Auch wenn Suppenkoma mittlerweile ein geflügeltes Wort ist - die mittägliche Mahlzeit selbst ist nicht die Ursache für die tageszeittypische Müdigkeit. Doch sie verstärkt das Gefühl der bleiernen Schwere. „Je mehr und je gehaltvoller man mittags isst, umso müder wird man“, sagt Stimpel. „Der Bauch braucht dann besonders viel Blut für die Verdauung. Gleichzeitig müssen Herz und Organismus mit Energie versorgt werden.“ Außerdem komme oft noch der Kraftaufwand zum Beispiel für eine berufliche Tätigkeit hinzu. „Diese Vielfachbelastung ist der Grund für die Müdigkeit.“
Power-Napper sollten sich ein bisschen vorbereiten: Der perfekte Platz für einen Mittagsschlaf sei ein abgedunkelter Raum mit einer bequemen Liege. Allerdings: „In deutschen Unternehmen sind Ruheräume leider noch eine Seltenheit“, sagt Stimpel. Berufstätige könnten sich aber auch leicht am Arbeitsplatz die richtigen Ruhebedingungen schaffen. „Das Handy kann ausgeschaltet, das Telefon auf einen Kollegen umgeleitet und die Tür geschlossen werden - am besten mit einem Schild 'Bitte nicht stören!'“
Während der Berufstätige solche Außensignale vorbereite, schalte er gleichzeitig seine innere Bereitschaftshaltung und Hab-Acht-Stellung ab. „Das ist eine wichtige Voraussetzung, um überhaupt zur Ruhe kommen zu können“, sagt Holstein.

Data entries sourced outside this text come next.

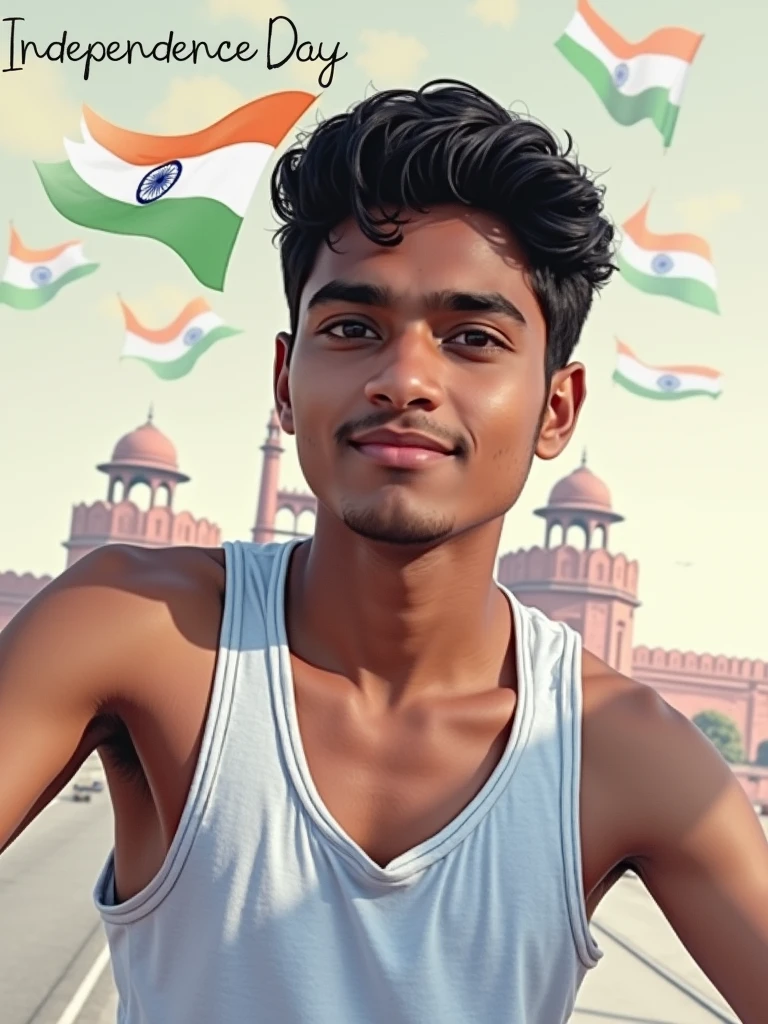 Generate a Realistic 20 years old boy, Wearing White T shirt blue jeans sneakers and the name "Vishal Maurya" is written on his sirt and the boy is standing on the road with holding a national flag of India, and behind him is the Red Fort Delhi. And written on sky "Independence Day" Create Realistic image high quality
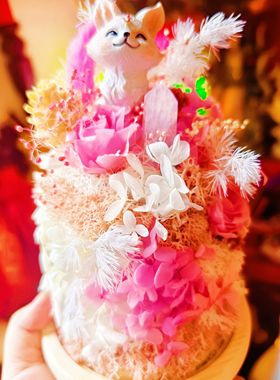 灵缘道文创 九尾狐 小狐狸粉水晶永生花家居摆件 爱情圆满桃花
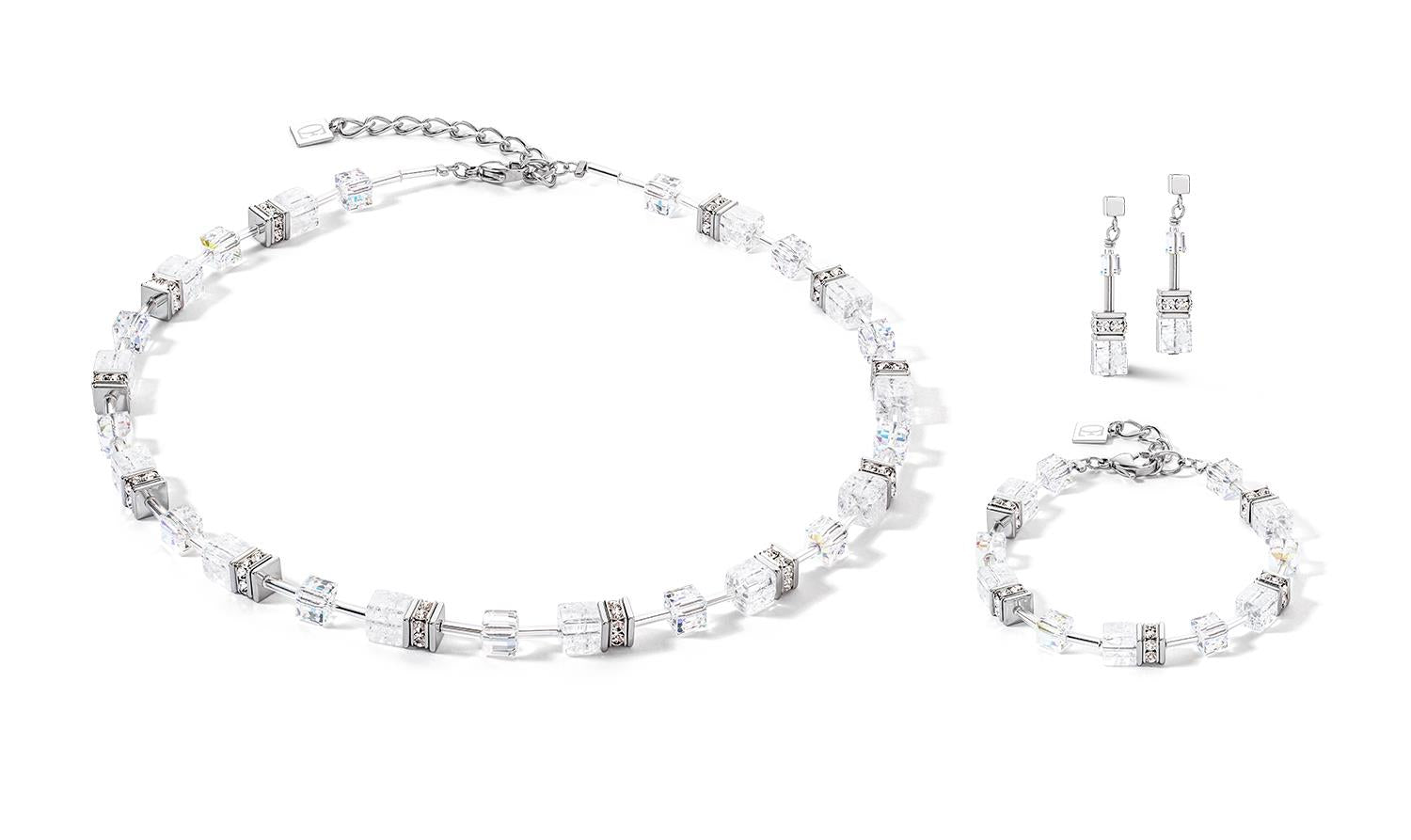 GeoCUBE Iconic Nature Silver White Earrings with Stickpin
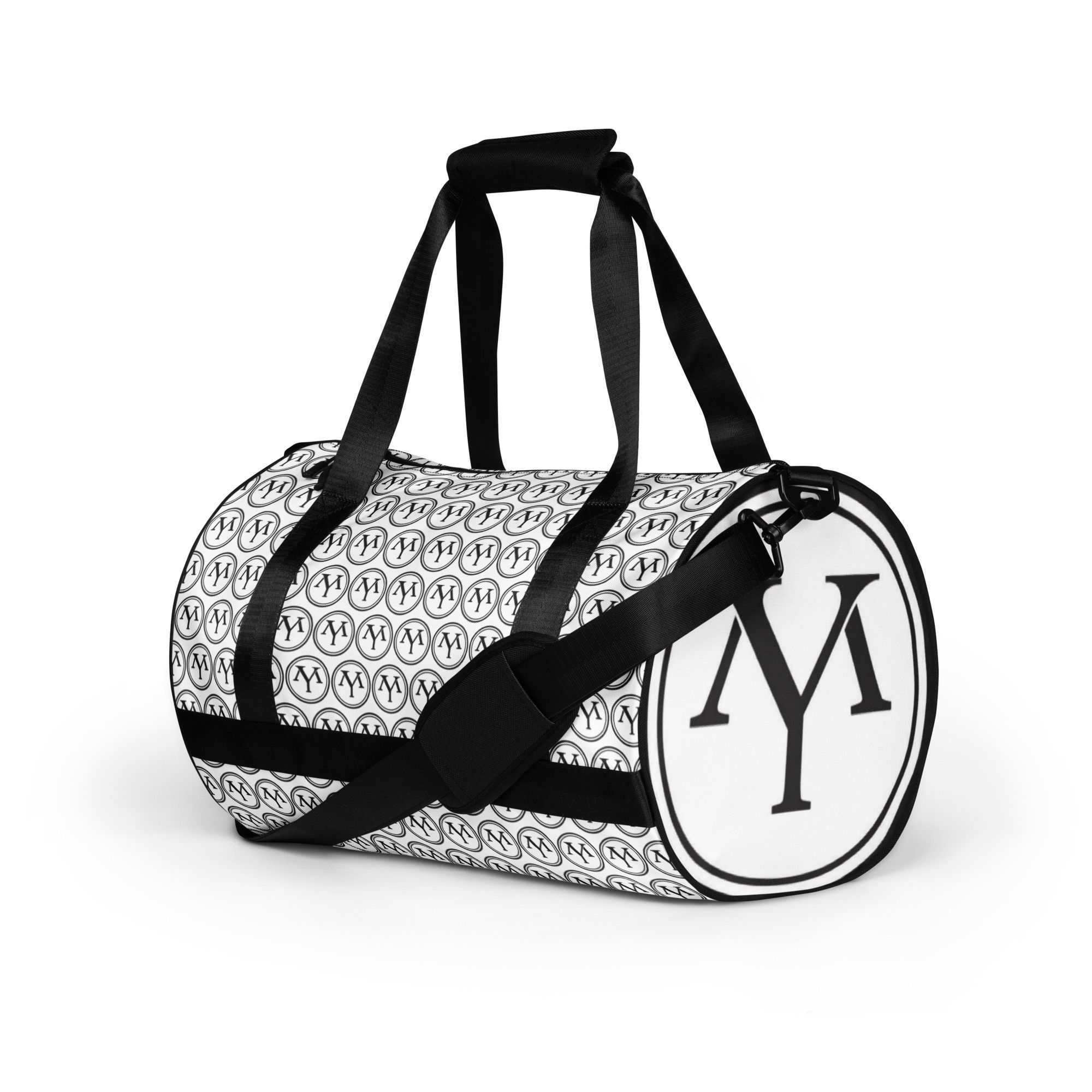 Black and white monogrammed duffel bag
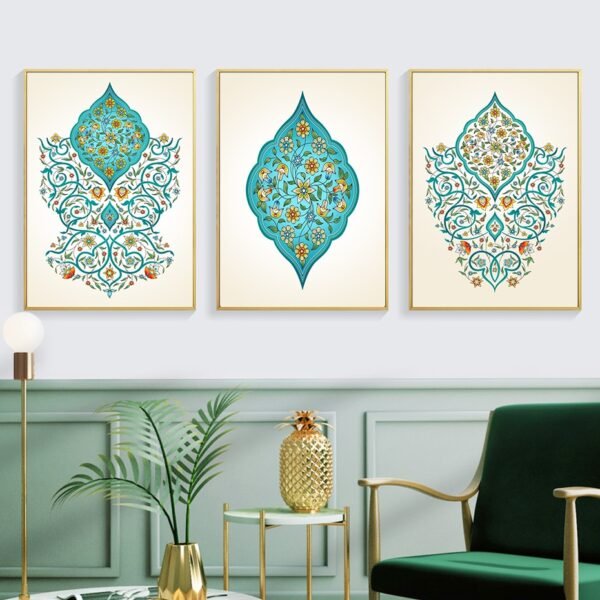 Toile Arabesque Florale en Turquoise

Genauso wichtig wie das Zur-Ruhe-Kommen sei das rechtzeitige Aufwachen. „Ideal ist eine Dauer von 15 bis maximal 30 Minuten“, rät Hajak. „Dauert der Mittagsschlaf länger, dann besteht die Gefahr, dass man sehr tief schläft.“ Das bringe den Tagesrhythmus durcheinander. Nach einem langen Mittagsschlaf könnten Berufstätige den Organismus nur schwer wieder aktivieren, fühlten sich schlapp. Außerdem kämen sie abends nicht so leicht zur Ruhe.